Pouahoulabou PK Victor, président de l’union des parents des martyrs de l’insurrection populaire se dit « toujours choqué » quatre ans après la perte que sa famille a subi. Et la douleur est encore vive à son niveau. « C’est comme si c’est maintenant qu’ils venaient de tomber », décrit-il.
Néanmoins, apprécie-t-il, « ce qui nous a réconforté un peu, c’est le monde qui est venu accompagner ces martyrs encore une fois » avec en tête le « chef de l’Etat, lui-même qui était devant pour déposer les gerbes de fleurs ». Cela lui a apporté du baume au cœur. « On est très contents et nous espérons bien que plus rien ne va arriver encore au Burkina de cette façon ».
« Si des gens sont prêts à mourir, c’est qu’ils sont prêts à travailler »
« Témoin de cet engagement des jeunes (qui) étaient prêts à mourir pour que la lutte continue », le porte-parole du Balai Citoyen partage à présent son souhait, celui de voir « que tous les Burkinabè aujourd’hui, notamment les hommes politiques même s’ils n’ont pas été proches des événements, même ceux qui en ont été victimes, se rappellent que ce jour-là, il y a quelque chose d’extrêmement important qui s’est passé ».
Avec le recul, le doute ne traverse plus son esprit.

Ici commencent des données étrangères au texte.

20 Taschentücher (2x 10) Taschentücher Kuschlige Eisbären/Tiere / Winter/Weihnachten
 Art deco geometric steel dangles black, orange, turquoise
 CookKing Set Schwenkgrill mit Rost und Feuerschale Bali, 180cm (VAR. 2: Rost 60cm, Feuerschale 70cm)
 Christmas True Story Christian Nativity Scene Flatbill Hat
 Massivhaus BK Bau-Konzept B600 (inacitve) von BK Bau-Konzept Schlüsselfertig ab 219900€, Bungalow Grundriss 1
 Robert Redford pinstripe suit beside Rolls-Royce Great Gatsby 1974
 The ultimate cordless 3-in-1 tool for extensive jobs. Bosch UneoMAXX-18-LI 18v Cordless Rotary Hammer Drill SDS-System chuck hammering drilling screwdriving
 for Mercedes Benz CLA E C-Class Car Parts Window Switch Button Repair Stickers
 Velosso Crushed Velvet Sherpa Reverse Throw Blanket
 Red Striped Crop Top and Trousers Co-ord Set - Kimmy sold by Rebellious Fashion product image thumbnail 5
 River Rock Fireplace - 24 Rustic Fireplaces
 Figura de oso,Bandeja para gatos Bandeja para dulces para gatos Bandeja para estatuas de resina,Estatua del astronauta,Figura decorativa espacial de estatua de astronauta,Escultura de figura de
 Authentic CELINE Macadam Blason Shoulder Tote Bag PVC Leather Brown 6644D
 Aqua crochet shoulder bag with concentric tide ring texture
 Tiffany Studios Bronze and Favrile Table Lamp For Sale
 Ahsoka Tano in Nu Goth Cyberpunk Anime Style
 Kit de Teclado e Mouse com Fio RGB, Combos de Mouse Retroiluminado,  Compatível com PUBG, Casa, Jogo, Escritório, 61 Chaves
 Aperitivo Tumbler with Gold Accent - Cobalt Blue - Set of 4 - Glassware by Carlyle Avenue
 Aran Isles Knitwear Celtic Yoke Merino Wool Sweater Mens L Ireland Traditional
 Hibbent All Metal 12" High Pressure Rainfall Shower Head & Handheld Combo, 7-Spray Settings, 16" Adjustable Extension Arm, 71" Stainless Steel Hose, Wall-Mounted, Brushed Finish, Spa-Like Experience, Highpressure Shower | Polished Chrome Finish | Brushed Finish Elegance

Au vu ce « cet engagement, il y a, dit-il, de la ressource dans ce pays pour procéder au changement » car « si des gens sont prêts à mourir, argumente-il, c’est qu’ils sont prêts à travailler ». A présent, oriente-il, « il appartient au politique de canaliser cette énergie qu’on a vu du 21 octobre au 31 octobre 2014 en énergie constructrice, de changer l’énergie de la contestation en énergie de la construction ».